No, simply a matter of me having to wait my turn....


----------



## Goldwing (Nov 5, 2014)

Shipwreck said:


> No, it is the gunsmithing.
> 
> When a place has more business than they can do - it takes 14 months.
> 
> ...


If you want to make the time waiting to seem like less, try this. Order the new Combat Master with a threaded barrel and then get a tax stamp and a quality suppressor to match. My guess is that if you did they may all arrive together. I am sure that with the right can on that little gem you will have lots of fun.
Sorry if I assume I can spend LOTS of your money for you.


Shipwreck said:


> Sent off a Glock 19 for the same treatment. Now, the wait until 2023 before I get it back.


I have marked February first 2023 on my calendar.🙏


----------



## Shipwreck (Jan 26, 2006)

Haha - no, good idea, but I am not interested in getting a suppressor. At least not until we don't have to pay the $200 tax. 

Anyway - I am tapped out on money for now with this last Combat Master. I also had to get a lot of basepads for my G34 Combat Master mags - since the gun has a magwell. When buying several, they get expensive. I still need 2 more.


----------



## JamesCC (Mar 21, 2019)

Shipwreck said:


> No, it is the gunsmithing.
> 
> When a place has more business than they can do - it takes 14 months.
> 
> ...


Sorry man. I just now forgot an item in my hotel room and to have it shipped back to me was $75. It’s a small edc knife piece. $75!?!?! The heck


----------



## Shipwreck (Jan 26, 2006)

I had the foam for a Pelican Case cut for it a while back...


----------



## Shipwreck (Jan 26, 2006)

I finally got to measure the trigger pull weight. It was consistently around 2lb, 11oz....


----------



## Shipwreck (Jan 26, 2006)

17 rounds in 1 target today with the Combat Master - not bad 
(target is a 8.5x11" standard piece of paper)

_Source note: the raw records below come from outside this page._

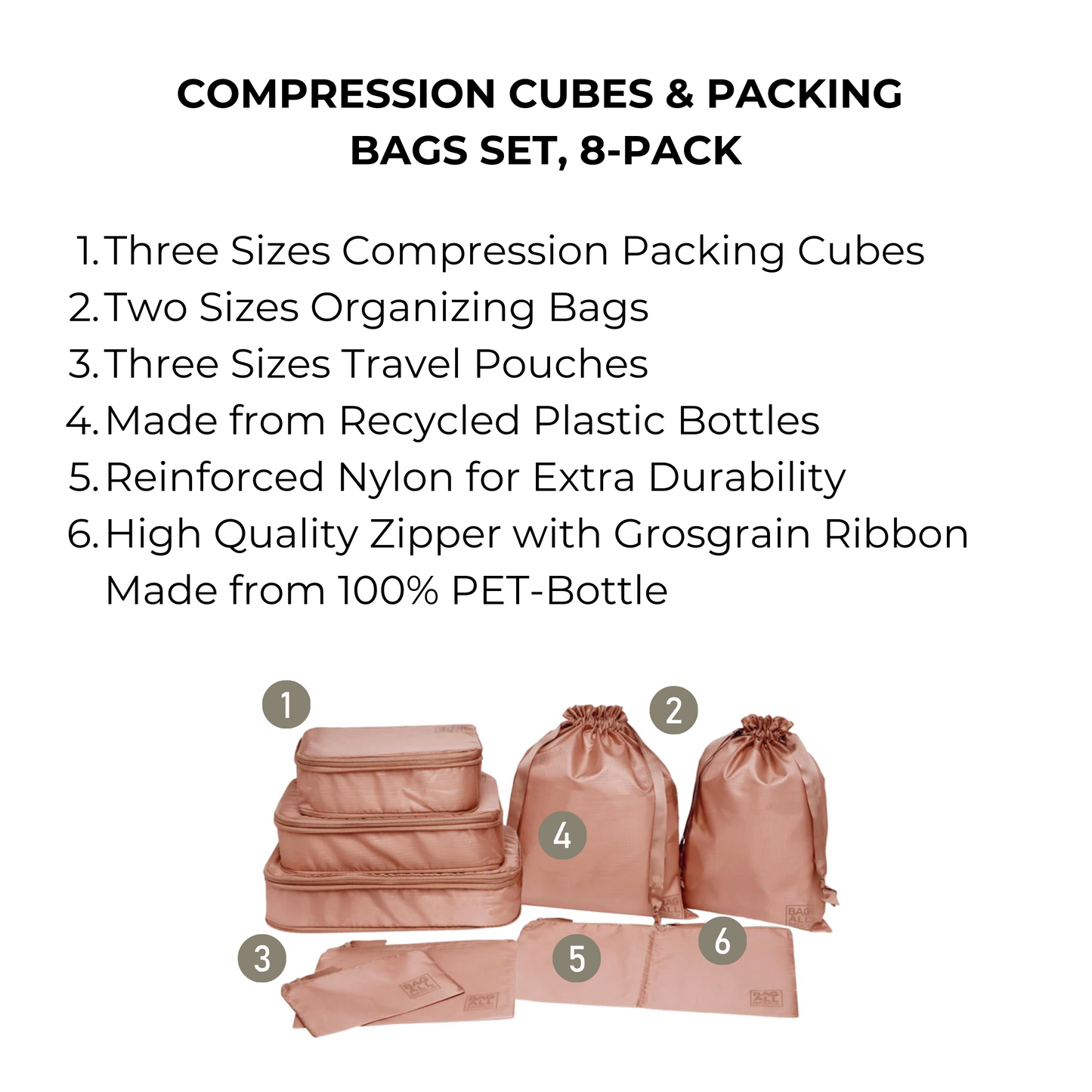 Compression Cubes & Packing Bags Set, 8-pack, Pink/Blush - Concordia Style Boutique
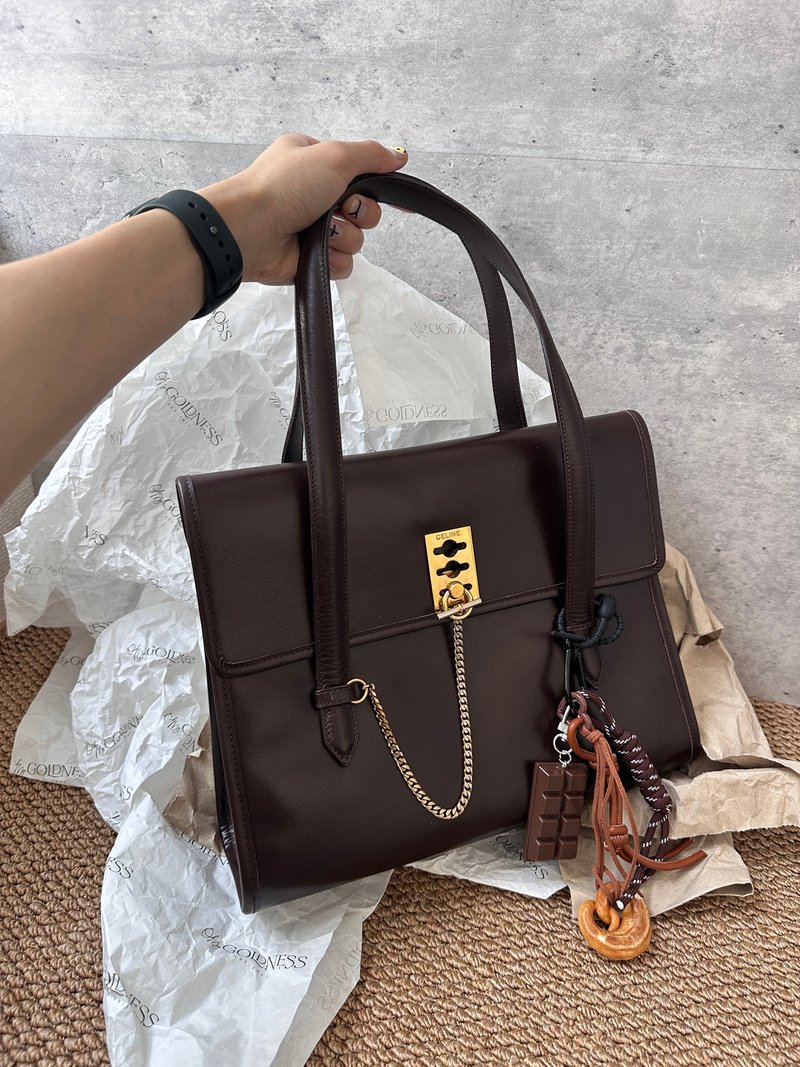 中古包 Celine 賽琳 朱古力棕三扣懷錶鏈條 Kelly - 手提包/手提袋 - 真皮 咖啡色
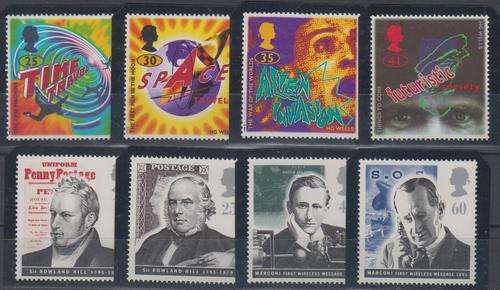 GB - 2 X SETS OF 4 SINGLES (HG WELLS AND SIR ROWLAND HILL & MARCONI), ALL U/M - CV:R200!!!!!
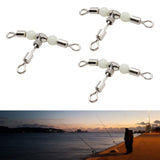 Maxbell 3Pcs T Shape Swivels Rolling Swivels Fishing Supplies Fishing Line Connector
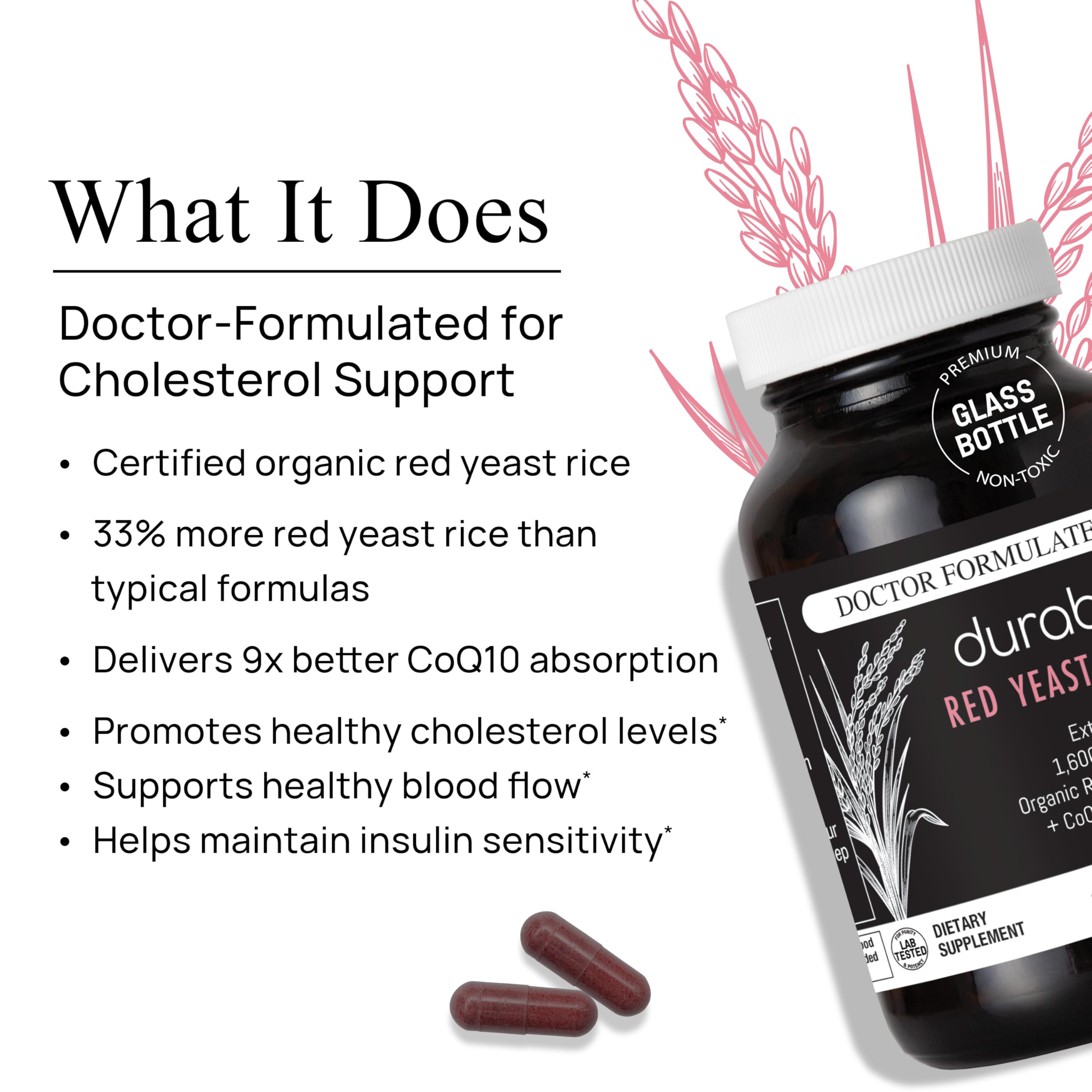 Durable RED Yeast Rice – Organic 1,600 mg + CoQ10 Phytosome | Doctor Formulated, Non-GMO, Vegan, Made in USA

And, 1st round at 15 yards (no, I couldn't keep up that pace at 15 yards - hahaha  -- I took a photo right away  )










I love this gun


----------



## rickclark28 (Apr 14, 2019)

That has to be a dream to shoot. It shoots as good as it looks.
*Love big holes in targets.


----------



## Hg007 (8 mo ago)

Shipwreck said:


> Well, after 14 months, I got this in FINALLY.
> 
> The John Wick 2 Combat Master
> 
> ...


That's awesome gun with optic ready 
The one I saw was not 
Congrats ..


----------



## Shipwreck (Jan 26, 2006)

Hg007 said:


> That's awesome gun with optic ready
> The one I saw was not
> Congrats ..


Thanks.

Yea, it is a 5th Gen Glock, so I didn't have to pay for an RMR cut. One day I may get an optic. The fiber optics iron sights I have been putting on all my handguns is allowing me to forgo pistol red dots for a few more years. I can see the little dots on the sights MUCH better now. 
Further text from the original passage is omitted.